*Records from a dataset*
▽
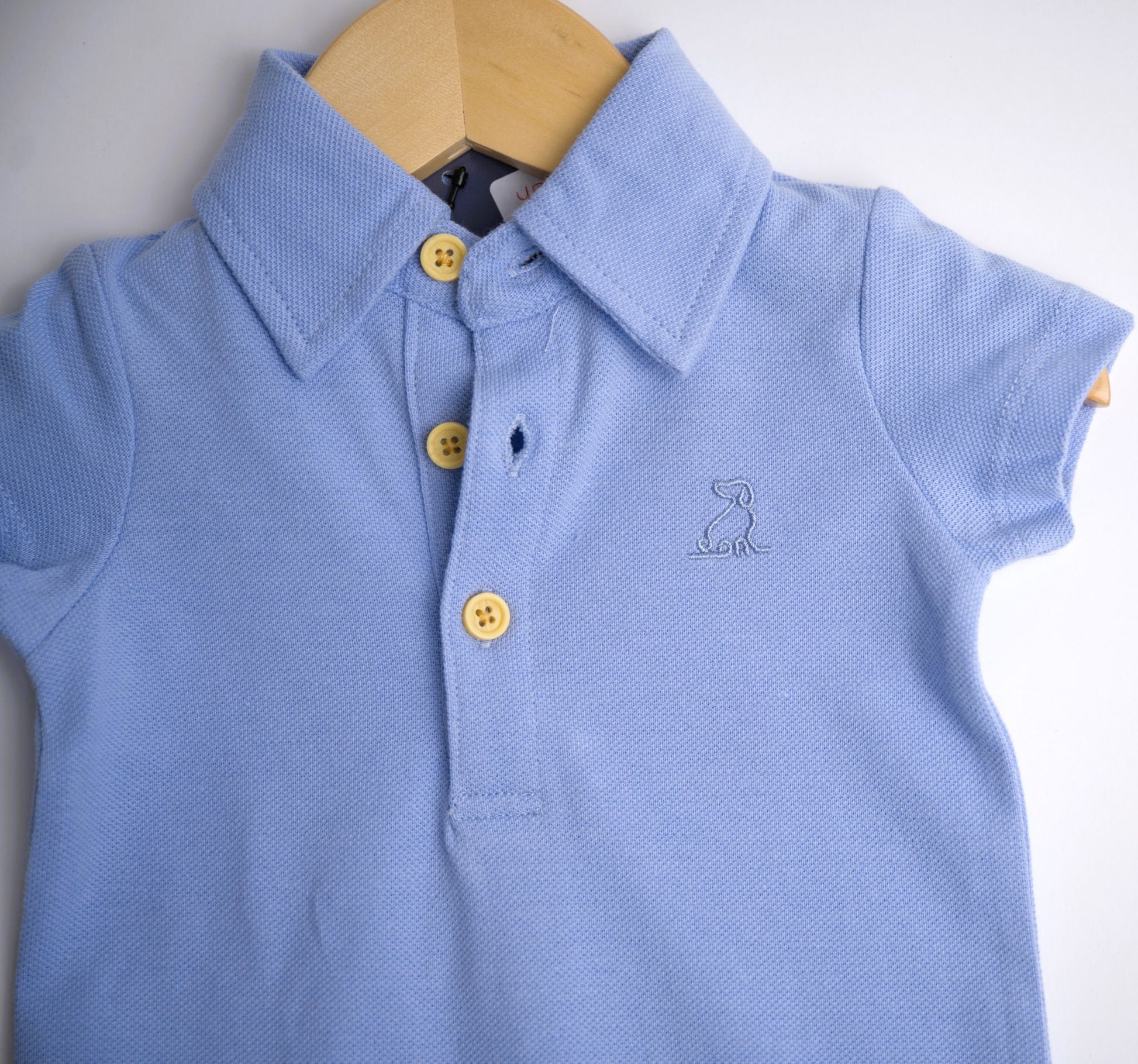 Me & Henry baby blue short sleeve collared romper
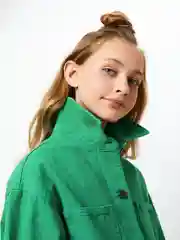 Зеленый рубашка джинсовая для девочки ACOOLA прямая, хлопковая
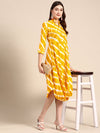 Front Cowl Midi Dress in Yellow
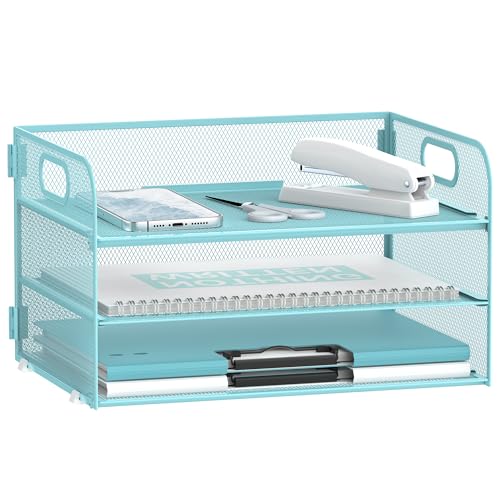 DALTACK 3 Tier Paper Organizer with Handle, Mesh Metal Desk Organizer with Sliding Paper Trays for Letter/A4 Paper, Mail, Bills & Folders, Blue - color: Blue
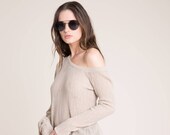 Designer Sweater Summer Sweater Linen Summer Jumper Knit Sweater Asymmetric Sweater Marcellamoda - MB0857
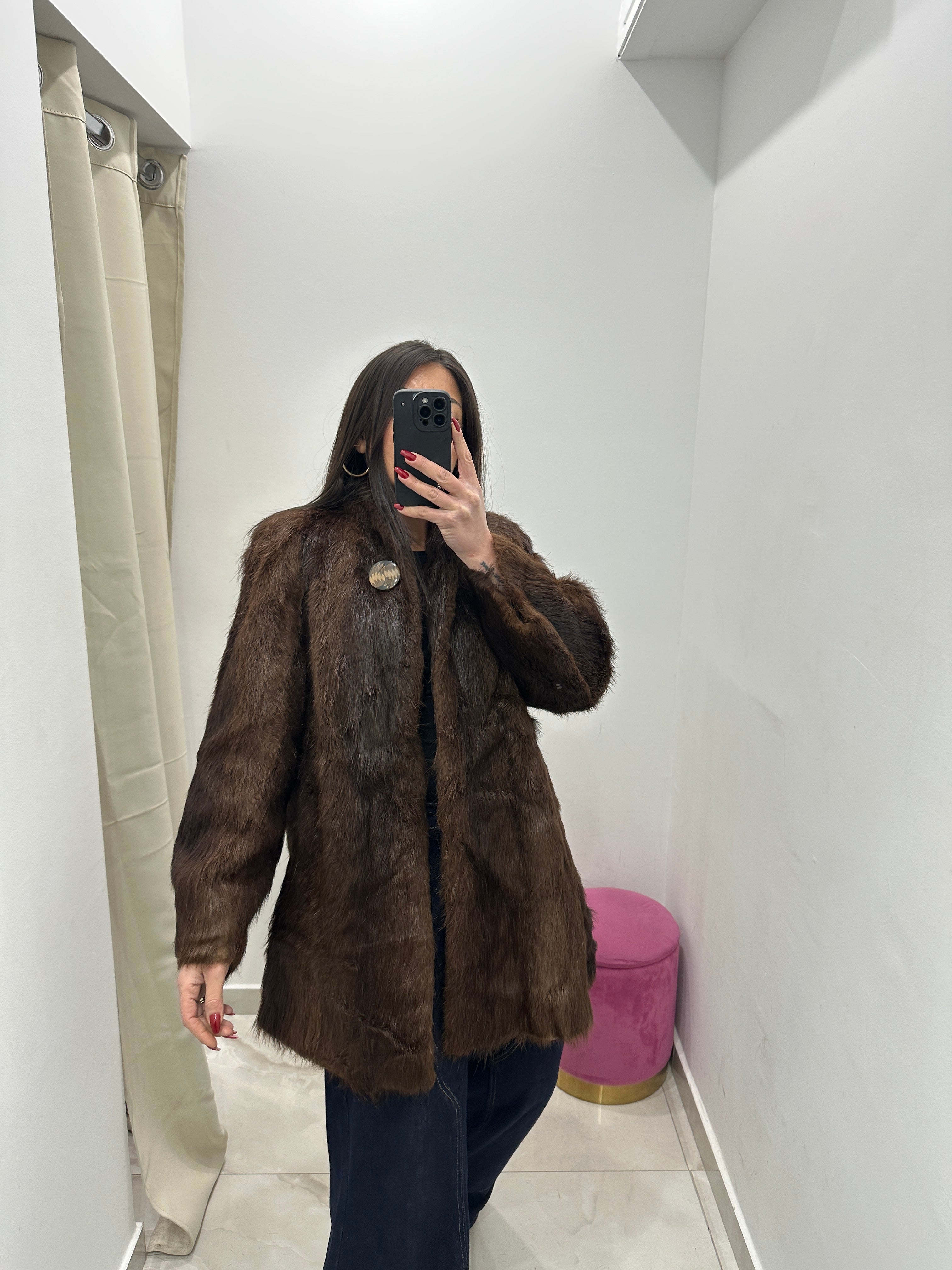 Pelliccia vera vintage marrone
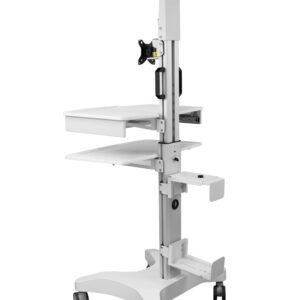 Coloana si baza pentru statie de lucru mobil premium Blackmount MED04-1, 17-32″, max.10kg, reglabil pe inaltime, alb
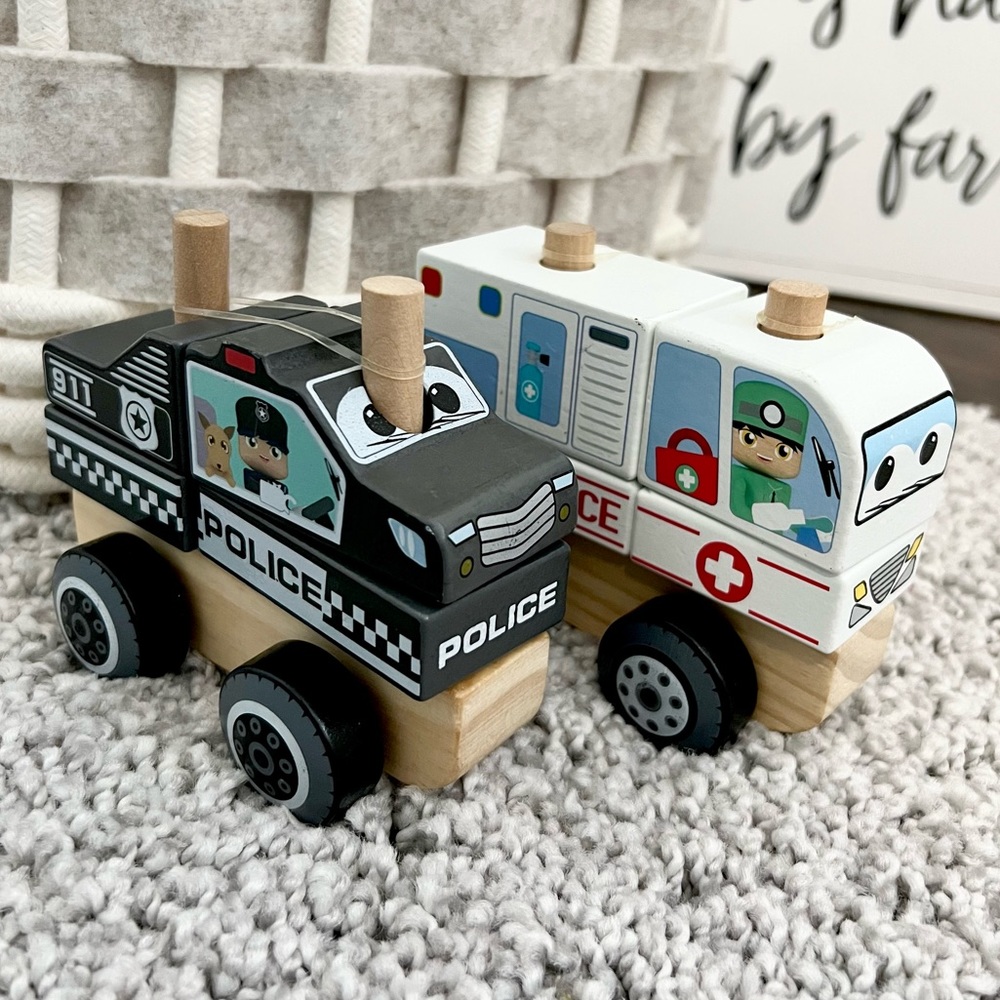 Two J’ADORE Wooden Stacking Toy Cars Classic Heirloom Toy NWOT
△
Print only the lines running from the one containing "Coloana si baza" to the end of the data above, exactly; include no pictures.

*SOLUTION TO THIS EXERCISE*
 Coloana si baza pentru statie de lucru mobil premium Blackmount MED04-1, 17-32″, max.10kg, reglabil pe inaltime, alb
 Two J’ADORE Wooden Stacking Toy Cars Classic Heirloom Toy NWOT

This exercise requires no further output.